* [What you will do]: Output every record again so that it matches the original word for word.

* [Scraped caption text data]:
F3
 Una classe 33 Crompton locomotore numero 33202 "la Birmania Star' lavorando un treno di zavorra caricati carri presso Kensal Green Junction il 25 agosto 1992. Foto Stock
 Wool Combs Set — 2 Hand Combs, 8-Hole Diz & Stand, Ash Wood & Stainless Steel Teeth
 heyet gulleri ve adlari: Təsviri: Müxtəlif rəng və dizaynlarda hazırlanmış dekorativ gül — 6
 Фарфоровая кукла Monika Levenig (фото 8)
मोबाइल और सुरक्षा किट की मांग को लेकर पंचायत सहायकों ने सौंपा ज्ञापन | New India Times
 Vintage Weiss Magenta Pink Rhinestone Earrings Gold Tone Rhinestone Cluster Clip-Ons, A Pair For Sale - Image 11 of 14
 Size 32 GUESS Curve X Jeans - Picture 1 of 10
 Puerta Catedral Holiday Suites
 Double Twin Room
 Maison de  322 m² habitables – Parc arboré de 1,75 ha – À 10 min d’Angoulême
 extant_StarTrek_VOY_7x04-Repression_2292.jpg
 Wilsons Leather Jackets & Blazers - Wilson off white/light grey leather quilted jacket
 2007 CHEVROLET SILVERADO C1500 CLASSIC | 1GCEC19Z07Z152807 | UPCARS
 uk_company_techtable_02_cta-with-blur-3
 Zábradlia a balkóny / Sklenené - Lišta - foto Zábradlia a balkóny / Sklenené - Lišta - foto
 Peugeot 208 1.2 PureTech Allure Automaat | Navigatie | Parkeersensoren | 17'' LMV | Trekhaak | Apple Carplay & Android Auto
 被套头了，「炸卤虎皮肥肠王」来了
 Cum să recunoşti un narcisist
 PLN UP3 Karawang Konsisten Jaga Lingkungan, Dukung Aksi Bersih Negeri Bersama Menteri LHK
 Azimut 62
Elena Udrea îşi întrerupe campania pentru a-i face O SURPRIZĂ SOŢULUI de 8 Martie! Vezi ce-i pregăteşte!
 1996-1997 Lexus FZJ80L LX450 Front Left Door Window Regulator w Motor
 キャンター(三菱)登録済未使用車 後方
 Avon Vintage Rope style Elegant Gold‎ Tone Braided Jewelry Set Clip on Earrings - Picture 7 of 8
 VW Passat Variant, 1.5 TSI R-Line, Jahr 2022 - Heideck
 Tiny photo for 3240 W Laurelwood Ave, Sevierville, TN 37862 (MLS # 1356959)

* [Answer space]:
F3
 Una classe 33 Crompton locomotore numero 33202 "la Birmania Star' lavorando un treno di zavorra caricati carri presso Kensal Green Junction il 25 agosto 1992. Foto Stock
 Wool Combs Set — 2 Hand Combs, 8-Hole Diz & Stand, Ash Wood & Stainless Steel Teeth
 heyet gulleri ve adlari: Təsviri: Müxtəlif rəng və dizaynlarda hazırlanmış dekorativ gül — 6
 Фарфоровая кукла Monika Levenig (фото 8)
मोबाइल और सुरक्षा किट की मांग को लेकर पंचायत सहायकों ने सौंपा ज्ञापन | New India Times
 Vintage Weiss Magenta Pink Rhinestone Earrings Gold Tone Rhinestone Cluster Clip-Ons, A Pair For Sale - Image 11 of 14
 Size 32 GUESS Curve X Jeans - Picture 1 of 10
 Puerta Catedral Holiday Suites
 Double Twin Room
 Maison de  322 m² habitables – Parc arboré de 1,75 ha – À 10 min d’Angoulême
 extant_StarTrek_VOY_7x04-Repression_2292.jpg
 Wilsons Leather Jackets & Blazers - Wilson off white/light grey leather quilted jacket
 2007 CHEVROLET SILVERADO C1500 CLASSIC | 1GCEC19Z07Z152807 | UPCARS
 uk_company_techtable_02_cta-with-blur-3
 Zábradlia a balkóny / Sklenené - Lišta - foto Zábradlia a balkóny / Sklenené - Lišta - foto
 Peugeot 208 1.2 PureTech Allure Automaat | Navigatie | Parkeersensoren | 17'' LMV | Trekhaak | Apple Carplay & Android Auto
 被套头了，「炸卤虎皮肥肠王」来了
 Cum să recunoşti un narcisist
 PLN UP3 Karawang Konsisten Jaga Lingkungan, Dukung Aksi Bersih Negeri Bersama Menteri LHK
 Azimut 62
Elena Udrea îşi întrerupe campania pentru a-i face O SURPRIZĂ SOŢULUI de 8 Martie! Vezi ce-i pregăteşte!
 1996-1997 Lexus FZJ80L LX450 Front Left Door Window Regulator w Motor
 キャンター(三菱)登録済未使用車 後方
 Avon Vintage Rope style Elegant Gold‎ Tone Braided Jewelry Set Clip on Earrings - Picture 7 of 8
 VW Passat Variant, 1.5 TSI R-Line, Jahr 2022 - Heideck
 Tiny photo for 3240 W Laurelwood Ave, Sevierville, TN 37862 (MLS # 1356959)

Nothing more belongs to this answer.